Queria fugir com o circo.

segunda-feira, maio 02, 2005

Walk on the wild side

Dia sim dia não
eles tocam a campainha de casa
vendendo sacos de lixo.
Eu compro.
Existe mesmo muita sujeira por aí.
Um dia
vou junto conhecer a fábrica deles.
Hoje eu sei como se fabrica a sujeira.
Quero saber como se fabricam
os sacos.

Sujeiras
alberto martins


Está fazendo frio aqui no sertão. Ao menos, desta vez, não é só no meu quarto. Manhã gelada de segunda-feira para quem escuta Bonnie Tyler e Ziggy Stardust. Ainda estou preparando aulas.

Tive um final de semana sem sobressaltos, sem grandes encontros. Mas foi bom.

Quase tão bom quanto I Will Survive com o Cake!

Conversei com uma pessoa especial que me fez lembrar do ano de 2002. Ela queria ouvir toda a história que eu, como bom estrategista, não contei. Só algumas partes. Bem, importa dizer que lembrei e avaliei coisas que tinha enterrado, que não mexia, que estoquei, numa caixa de papelão lacrada, encima do armário.

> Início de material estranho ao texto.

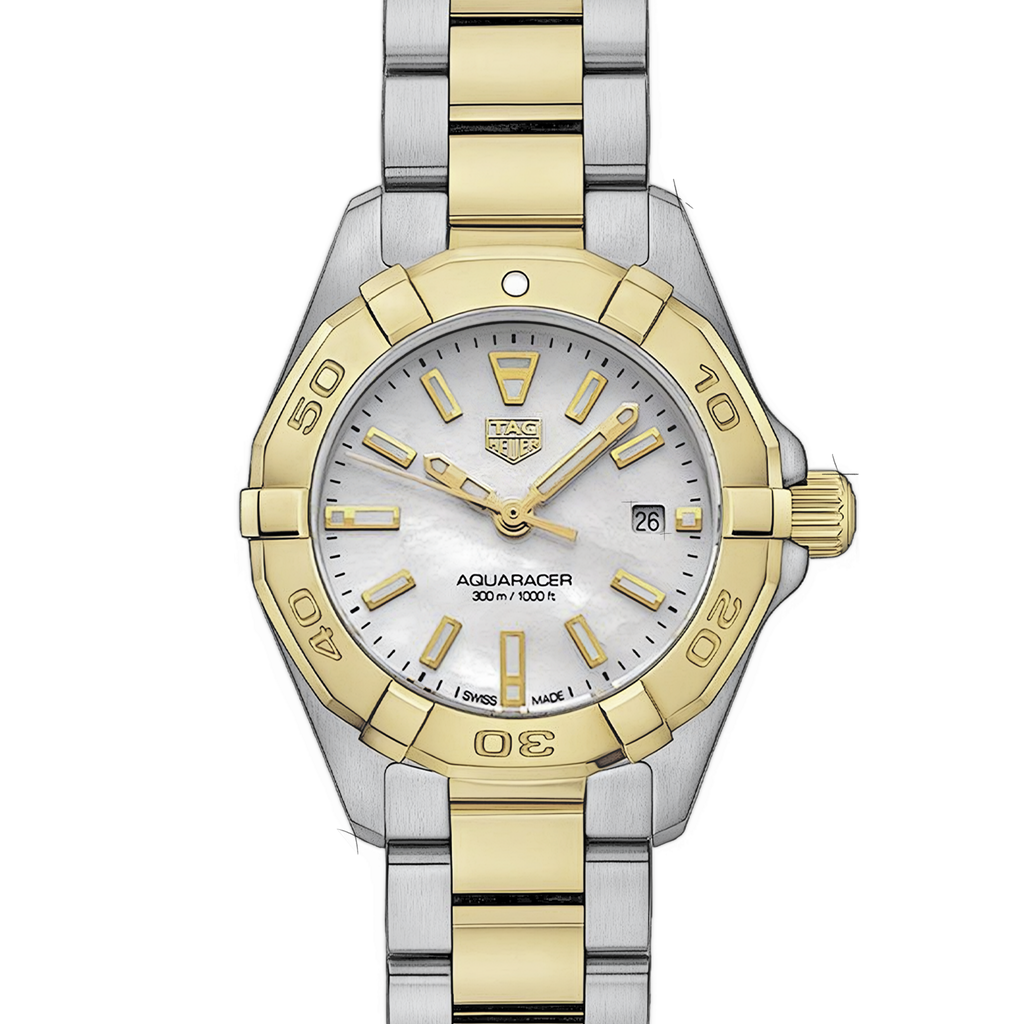 Tag Heuer Aquaracer Mother of Pearl Dial Two Tone Steel Strap Watch for Men - WBD1420.BB0321 Buy Now By Tag Heuer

Pensei nos meses de depressão.

Como são as coisas de vida, não é mesmo? De repente passei a entender de neuro-transmissores e da importância destas coisinhas dentro da gente. Não foi siricutico de um ano.

O que deu para entender desta reflexão é que consegui sobreviver, mesmo com as baixas, com as marcas, com o exílio... E que bom ainda estar por aqui! Ótimo, na verdade.

Bacana foi no Sábado. Gnomo passou em casa, pedimos uma pizza e ficamos vendo TV. Mais tarde, bem mais tarde, ele voltou com o Giusti e fomos ao Blues beber. Fiquei na cachaça, eles na cerveja. Estou resfriado, é prudente não beber gelado.

Bateu pesado. Queria dizer isto a eles, mas tive medo de parecer piegas. Nós três, numa mesinha suja, bebendo e falando de sexo. Nenhuma novidade, quase um Coupling tupiniquim. O gostoso veio em sentir que estamos mais velhos, amadurecidos, mais íntimos e amigos. Os dois estavam com seus casacos escuros, reclamando do cheiro de pinga, contando do show de rock e incrivelmente seguros, completos, adultos. Sabe quando a gente se dá conta que o tempo está passando?

Fiquei emocionado e feliz em entender, como certeza matemática, que ainda estamos juntos. Apesar das idas e vindas, do Atlântico, dos neuro-transmissores, do tédio e do amor líquido pós-moderno, ainda encontramos espaço – sagrado – pra nossa cervejinha.

Bem melhor do que Elvis Costello, Zappa e Lou Reed!